### YOUR TASK
Retype the lines of the listing below exactly, but only those from the one containing "Pour the bleach" through the last line; pictures stay out.
═════ THE INPUT
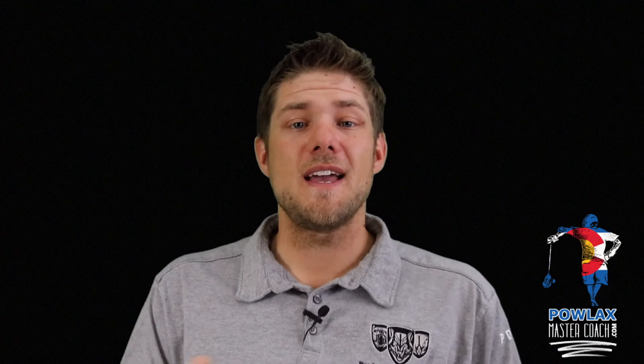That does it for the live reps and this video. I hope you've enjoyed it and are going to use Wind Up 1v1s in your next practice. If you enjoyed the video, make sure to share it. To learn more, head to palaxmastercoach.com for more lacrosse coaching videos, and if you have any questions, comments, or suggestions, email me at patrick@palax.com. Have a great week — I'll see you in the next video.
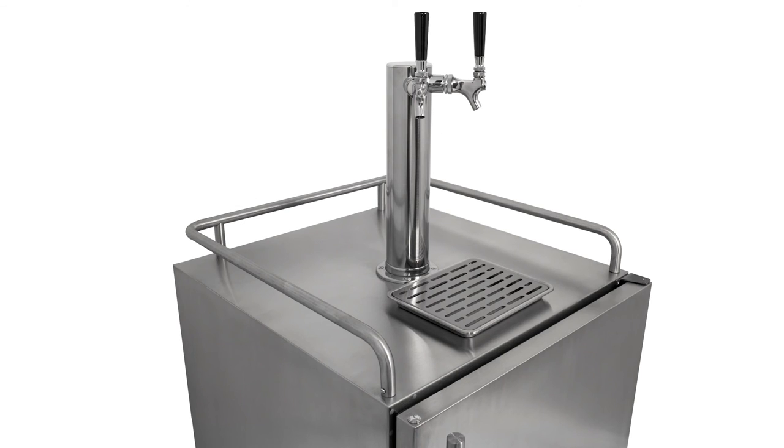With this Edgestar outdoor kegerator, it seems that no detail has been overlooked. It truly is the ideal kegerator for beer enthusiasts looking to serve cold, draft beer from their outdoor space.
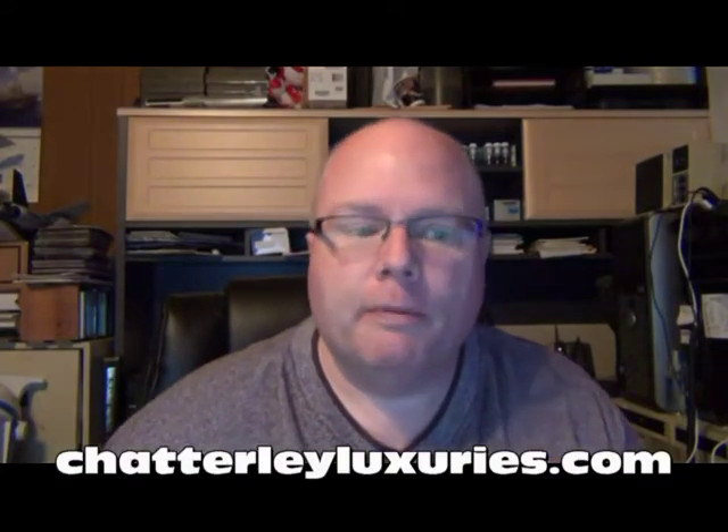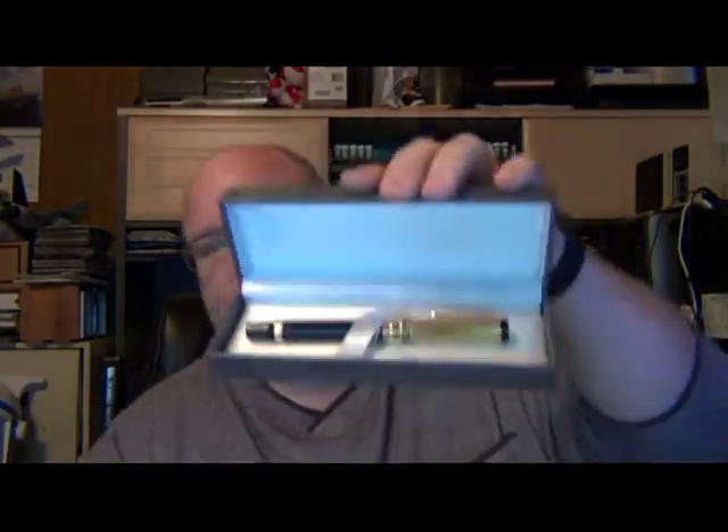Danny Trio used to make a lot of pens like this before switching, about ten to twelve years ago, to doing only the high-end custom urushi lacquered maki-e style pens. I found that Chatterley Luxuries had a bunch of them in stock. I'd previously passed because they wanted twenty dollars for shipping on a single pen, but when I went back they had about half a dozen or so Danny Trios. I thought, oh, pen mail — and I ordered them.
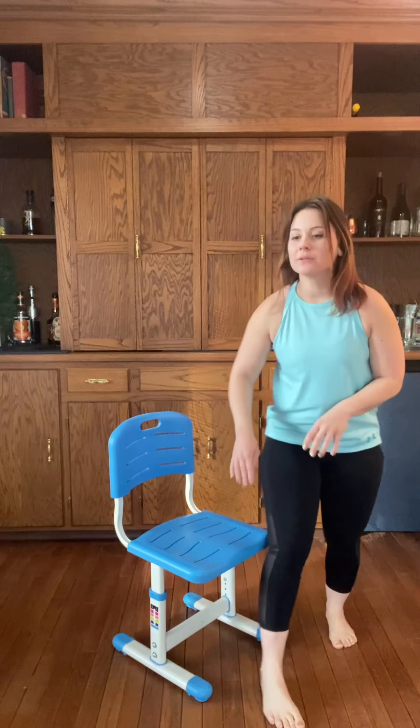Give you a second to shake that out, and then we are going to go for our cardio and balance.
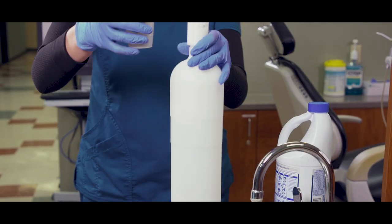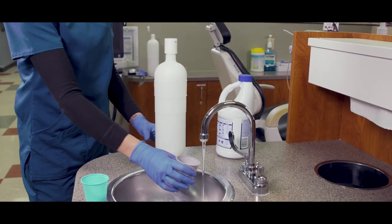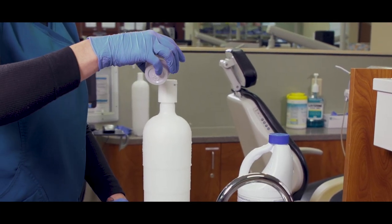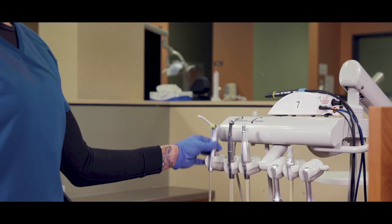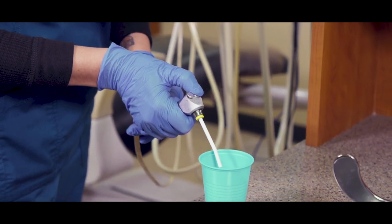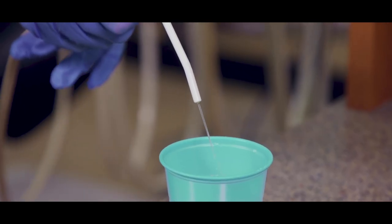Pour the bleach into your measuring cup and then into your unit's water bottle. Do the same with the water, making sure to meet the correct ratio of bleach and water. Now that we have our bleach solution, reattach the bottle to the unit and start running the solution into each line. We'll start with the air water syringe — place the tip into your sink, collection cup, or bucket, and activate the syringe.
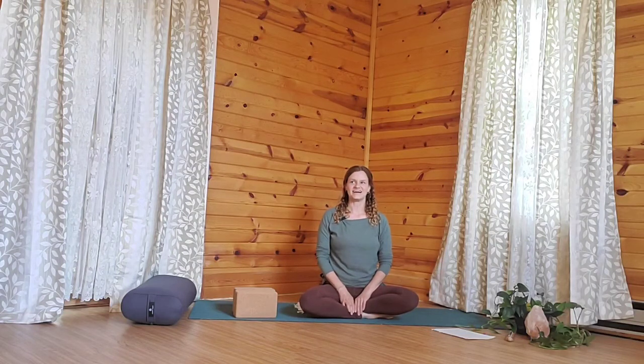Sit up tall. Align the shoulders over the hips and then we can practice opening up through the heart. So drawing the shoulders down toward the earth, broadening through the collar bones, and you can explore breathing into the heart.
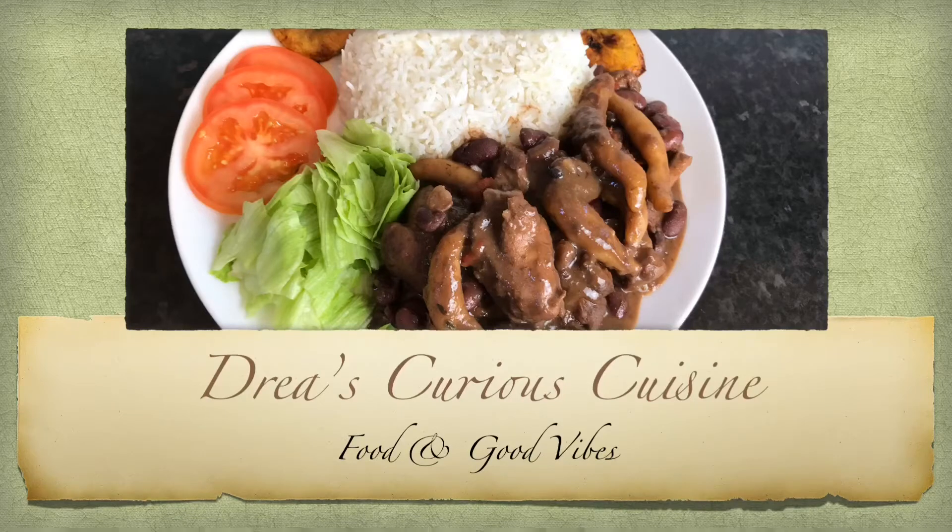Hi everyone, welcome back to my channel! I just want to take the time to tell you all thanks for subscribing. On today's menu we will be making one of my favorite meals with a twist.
══════════
### COMPLETED TASK
Pour the bleach into your measuring cup and then into your unit's water bottle. Do the same with the water, making sure to meet the correct ratio of bleach and water. Now that we have our bleach solution, reattach the bottle to the unit and start running the solution into each line. We'll start with the air water syringe — place the tip into your sink, collection cup, or bucket, and activate the syringe.
Sit up tall. Align the shoulders over the hips and then we can practice opening up through the heart. So drawing the shoulders down toward the earth, broadening through the collar bones, and you can explore breathing into the heart.
Hi everyone, welcome back to my channel! I just want to take the time to tell you all thanks for subscribing. On today's menu we will be making one of my favorite meals with a twist.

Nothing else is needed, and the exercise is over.